Most of his other points in the rant can be resolved directly:
- Test::Builder did fail its tests for a while, but was repaired along with other OO modules as part of release engineering before 6.2.11. Adopting a regular release cycle will fix that.
- Hooking up to Parrot as a runtime will no doubt bring more contributors (and get us faster-than-C performance), but hooking up to Perl 5 will obviously bring even more. Fortunately, we are doing both, plus JavaScript (and maybe CLR too, now that I'm going to YAPC::NA in Chicago and will probably visit LINQ folks en route.)
- Because the Synopses are user-level requirements, Pugs would need its own PDD-like set of documentation that discusses the design of various compiler components. I'd like to resume the Pugs Apocrypha series of documents with nothingmuch et al during the Hackathon.
But the most pressing Pugs is slow issue demands a technical solution: the cycle takes 4 hours on my laptop -- 30 minutes to compile and 210 minutes to finish testing, which is simply too much, even if we take into account that we have 616 test files and 11070 test cases.
The current situation was mainly caused by Prelude.pm, a module with built-ins (such as printf) implemented in Perl 6 itself and loaded for each Pugs run. The problem is, compiling the Prelude.pm takes 15 seconds here, and it will add another 2.5 hours to the test cycle if it has to be reloaded for each test file.
Many moons ago (July 2005), gaal hacked in support for precompiled Prelude, using the ./pugs -CPugs backend to turn Perl 6's parse tree into huge Haskell expressions, and rebuild the Pugs executable again with the Prelude statically linked.
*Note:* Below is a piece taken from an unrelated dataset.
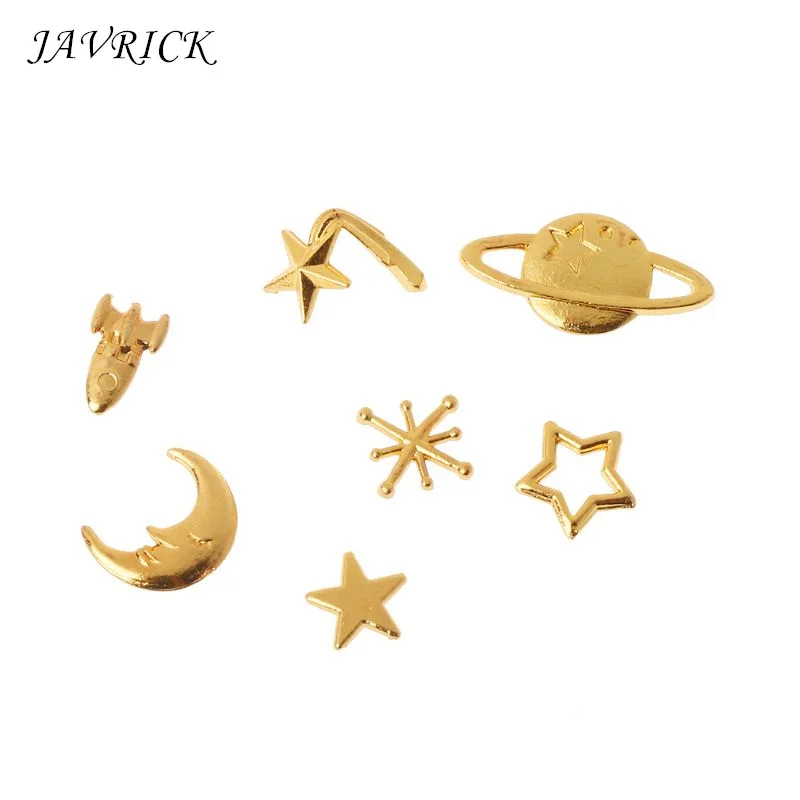 

7Pcs Starry Sky Universe Epoxy Resin Fillers Open Bezel Charm Jewelry Making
This shaved the startup time from 15 seconds to 0.5 seconds.
The tradeoff is that this makes compilation of the Pugs.Run awfully slow (20+ minutes for optimised builds) and consumes a lot of RAM (curiously, even more so on unoptimised builds). One can turn precompilation off by tweaking config.yml to say precompile_prelude: false, but that will make tests unbearably slow to finish.
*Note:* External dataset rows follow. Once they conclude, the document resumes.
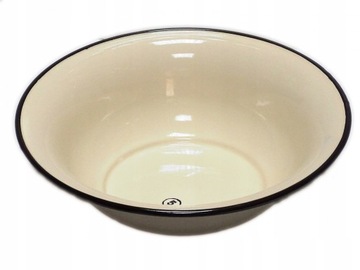 ЭМАЛЬНАЯ ЧАШКА 36 СМ КРЕМОВАЯ СИЛЕЗИЯ РЫБНИК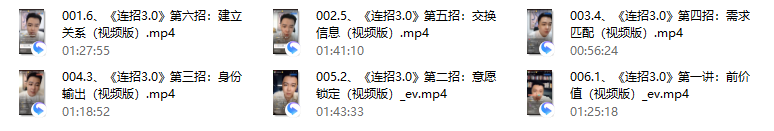 乌鸦老师《连招三》沟通技巧（视频课）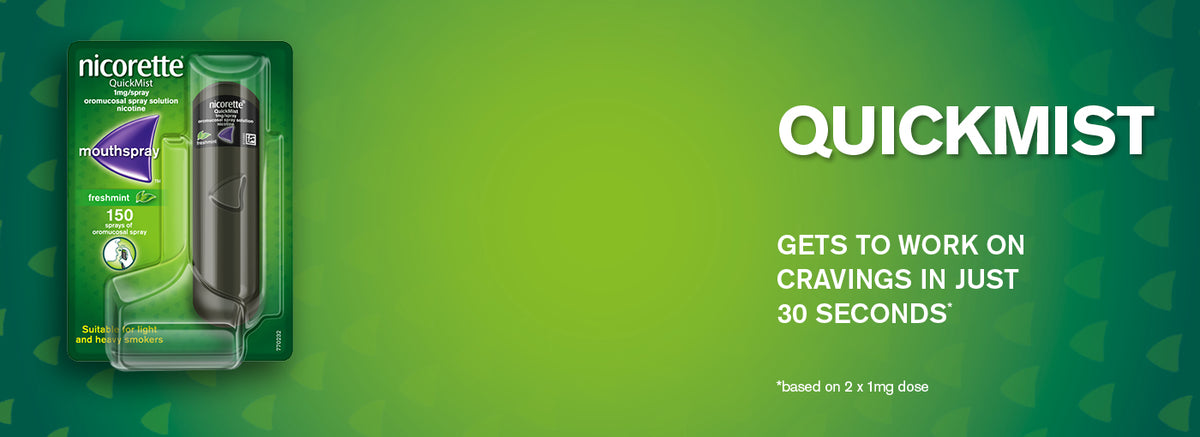 Nicorette Quickmist Banner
Gaal set forth to fix this problem once and for all, by using YAML as the cached intermediate format, much as Python's .pyc/.pyo bytecode files. We wrote a rule for DrIFT that can generate fromYAML and asYAML instance methods for all Haskell types, which provides roundtrip serialization to our Syck bindings.
The upshot is that the new ./pugs -CParse-YAML backend can turn Perl 6 into a YAML syntax tree, which can be loaded back during runtime using the Pugs::Internals::eval_p6y($file) primitive. Thanks to Syck's speedy parser, the startup time is now 0.7 seconds without any additional time penalty to compiling Pugs.Run, bringing the total compilation time down to 8 minutes (optimised build; unoptimised takes 4 minutes).
This goes a long way in solving the compilation time problem; moving the DrIFT instances away from e.g. Pugs.AST.Internals to another module will probably save another minute or two.
Tomorrow we will apply the same technique to Test.pm (as well as other .pm files). Seeing that each test file currently takes 5 seconds to load Test.pm, yamlizing it will likely save another hour off the test cycle. And if we start making use of cached .t.yml.gz files next to each .t programs, the entire build-test cycle can probably be reduced to 30 minutes or less. That will be lovely indeed. :-)
Are you going to do something cunning like store a hash of the original source file in the YAML version, and then check the hash is valid when loading the pre-compiled version, so that you automatically avoid stale precompiled versions?
Posted by: Nicholas Clark | 2006.02.23 at 06:24 AM